Le rejeton de Don Orijuela, Fernando, aujourd’hui en liberté conditionnelle, avoue, dégoûté, que le derby de Cali est le match qui a été le plus de fois truqué lors de la présidence de son paternel. A son grand désarroi, c’est souvent l’America qui enflait “los Verdes”. Mais ce ne fut pas toujours le cas…
En 1937, les deux équipes se rencontrèrent pour la première fois. Malgré une victoire 2-1 des “Rojos”, c’est le Deportivo qui l’emporta.

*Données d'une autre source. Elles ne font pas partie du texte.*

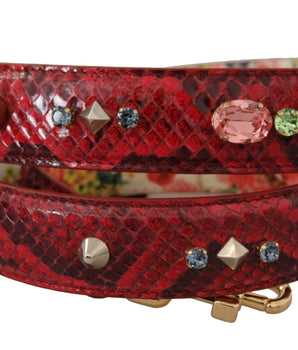 Dolce & Gabbana Red Exotic Leather Crystals Reversible Shoulder Strap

L’arbitre avait effectivement décidé dans les vestiaires d’annuler les deux buts des “Rojos”…Les dirigeants des “Diablos” avaient alors crié au scandale, avant de se faire exclure par la Fédération colombienne de football de toute compétition pendant un an.
Depuis, les incidents n’ont jamais cessé, même 70 ans plus tard. Club populaire par excellence, l’America Cali prend toujours autant de plaisir à ridiculiser son grand rival sur et en dehors du terrain.

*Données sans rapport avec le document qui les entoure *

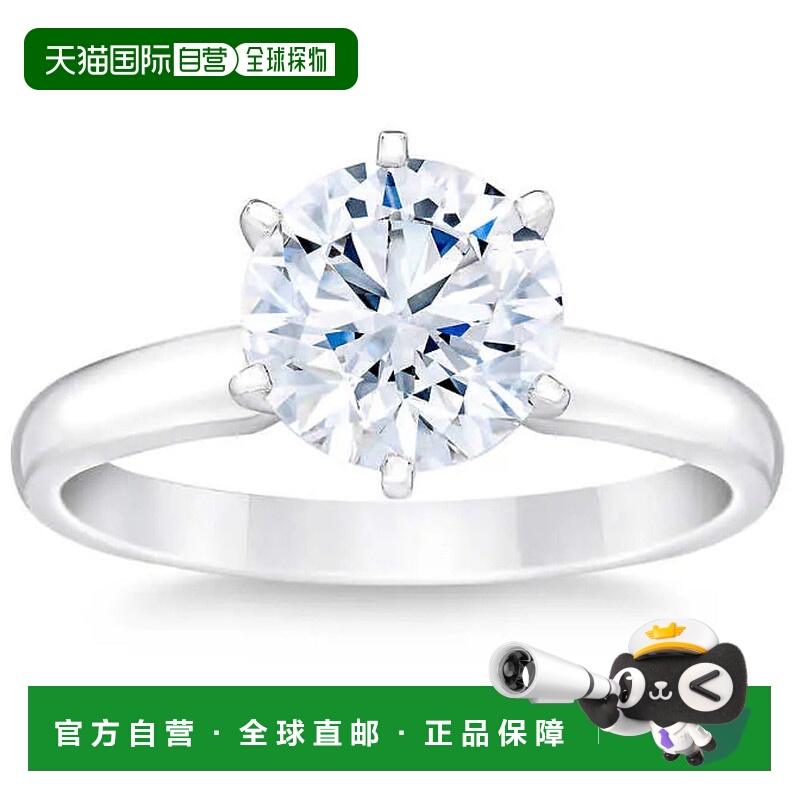 自营 pompeii32 1/2 克拉认证钻石单石订婚戒指 14k 黄金实验室培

Le Deportivo quant à lui n’attaque jamais le premier, mais réplique souvent très fort. La lutte des classes. La lutte tout court. Jamais un évènement sportif n’aura causé autant de dommages collatéraux que le clasico colombien. Selon le quotidien El Tiempo, 71 personnes au total auraient trouvé la mort lors des matchs America-Deportivo. 3000 arrestations, 11 viols et 19 overdoses viennent complètent ce tableau des horreurs.
Sunday Bloody Sunday
Dimanche dernier, 63 personnes ont été arrêtées. La routine. Après avoir expulsé un joueur de Cali (Valencia) et accordé un coup franc douteux ayant débouché sur le but du Deportivo, Diego Umana, l’entraîneur des “Diablos”, n’a rien trouvé de mieux que d’asséner un violent coup de coude à son homologue uruguayen du Deportivo Daniel Carreno.
Déjà très chauds, les supporters de l’America ont alors arraché les toilettes du stade Pascual Guerrero pour s’en servir comme arme blanche. Deux supporters “verdes” se trouvent d’ailleurs entre la vie et la mort après avoir reçu un violent coup de cuvette sur le bulbe.
Côté Deportivo, on y est carrément allé à la masse (mais qu’est-ce qu’elle foutait là???) sur un supporter de l’America. Là aussi, le supporter est pour ainsi dire plus mort que vivant. La seule réjouissance de la soirée a été la naissance d’Alberto, sa mère ayant accouché sur place en deux-deux, la panique l’y aidant sans doute. Il faudra par conséquent désormais inaugurer une nouvelle ligne dans le tableau de statistiques du match le plus hardcore du monde.